Одним из самых ярких примеров служит Вена, являющаяся главным форпостом австрийских социал-демократов. На выборах 2002 г. СДПА получила в австрийской столице более 45% голосов (при 36,5% по стране в целом), в менее успешном 1999 г. – более 35%. Можно говорить об австрийской модели, в соответствии с которой голосование за социал-демократов является характерным для столиц.

Австрийская модель отчасти характеризует ситуацию в соседней Германии. Здесь форпостами социал-демократов являются северные инновационные центры и прежде всего Гамбург, один из самых крупных и экономически успешных городов страны и Европы в целом. На выборах 2002 г. СДПГ получила в Гамбурге свыше 40% голосов, а в 1998 г. даже более 45%12. Еще одним и даже более ярко выраженным форпостом социалистов на севере Германии является Бремен. Благоприятна для социал-демократов и земля Северный Рейн – Вестфалия (показатели, близкие к гамбургским), на территории которой находится знаменитый Рур – наиболее мощное индустриальное ядро Германии. В то же время инновационные центры на юге Германии (и, кстати, географически расположенные ближе к Вене) оказываются существенно более консервативными, что смазывает общую картину. Причина раздвоения германских инновационных центров связана с геокультурным расколом, о чем речь пойдет ниже.

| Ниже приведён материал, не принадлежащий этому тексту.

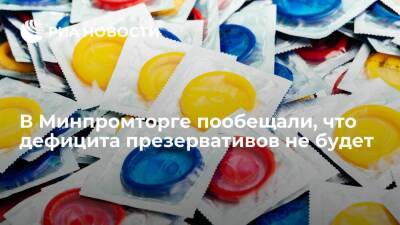 Минпромторг пообещал, что дефицита презервативов в России не будет, поставки продолжаются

Примерно в русле той же тенденции следует и соседняя Дания. Здесь с некоторыми оговорками можно указать на наиболее сильные позиции социал-демократов в основных городах – Копенгагене, а также Орхусе и Оденсе. Сдвиг влево характерен и для Дублина, но с поправкой на слабые позиции ирландских лейбористов, особенно в сравнении с британскими, в условиях консервативной Ирландии.

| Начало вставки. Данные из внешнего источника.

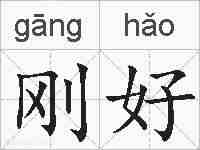 刚好的拼音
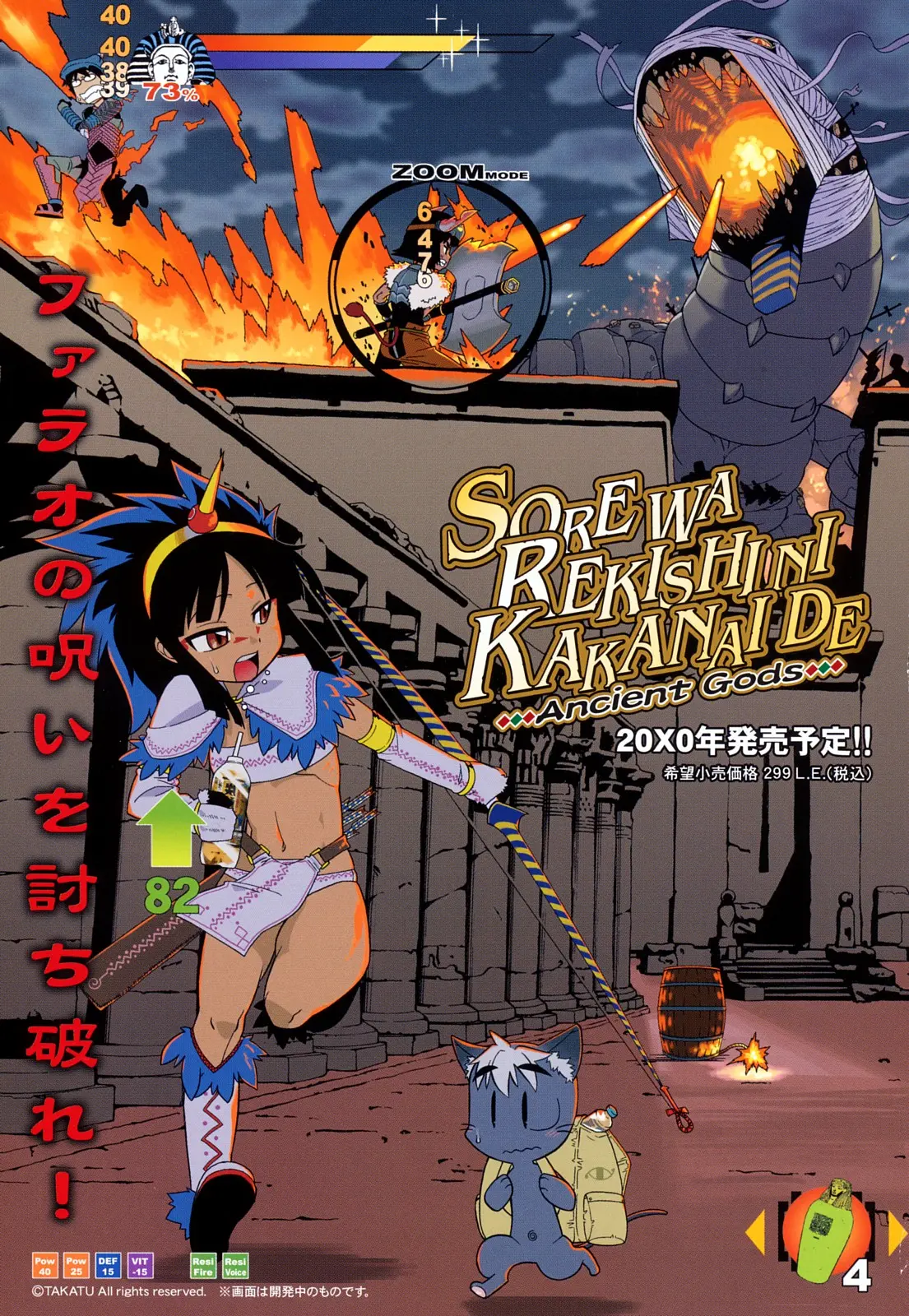 Sore Wa Rekishi Ni Kakanaide! Ch. 1-7 page 4 full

Важным примером относительного доминирования левых в лице лейбористов является Лондон. На выборах 2001 г. лейбористы взяли 53 из 75 лондонских округов (мэром города избран К.Ливингстон, который позиционируется левее лейбористов). Однако Лондон не является наиболее устойчивым оплотом лейбористов в Великобритании, в нем есть достаточное число консервативных и либерально-демократических округов.

Достаточно выраженная левизна характеризует инновационные центры первого порядка и в некоторых других странах. К их числу следует отнести Португалию, где в Лиссабоне и Порту относительного успеха на выборах добиваются социалисты и в меньшей степени коммунисты. В Новой Зеландии оплотом лейбористов является самый крупный город Южного острова Крайстчерч, а в Австралии к лейбористам склоняется небольшая столица страны Канберра, чем-то напоминая американский город Вашингтон.

Однако выдвинутая гипотеза и связанная с нею австрийская модель электоральной геоструктуры не подтверждается во многих странах. Дело в том, что столичный тип голосования не предполагает однообразия электоральных предпочтений и консолидированного голосования. Добротный креативный центр по определению должен порождать или впитывать извне множество различных инноваций. Поэтому в большинстве случаев столичная электоральная культура оказывается не столько преимущественно левой (австрийская модель) и/или либеральной (бельгийская модель), сколько смешанной в разных пропорциях. В соответствии с этой более распространенной моделью столица представляет собой национальный микрокосм, в котором смешиваются все или почти все характерные для страны электоральные тенденции. Очень часто столичный мегаполис представляет собой страну в миниатюре, где происходит своя внутренняя географическая сегрегация на небольшие районы со своими предпочтениями избирателей (Аксенов, Капралов, 1991). Не следует забывать, что для инновационного центра характерно и наличие некоторых обеспеченных слоев избирателей, которые будут голосовать по консервативному сценарию.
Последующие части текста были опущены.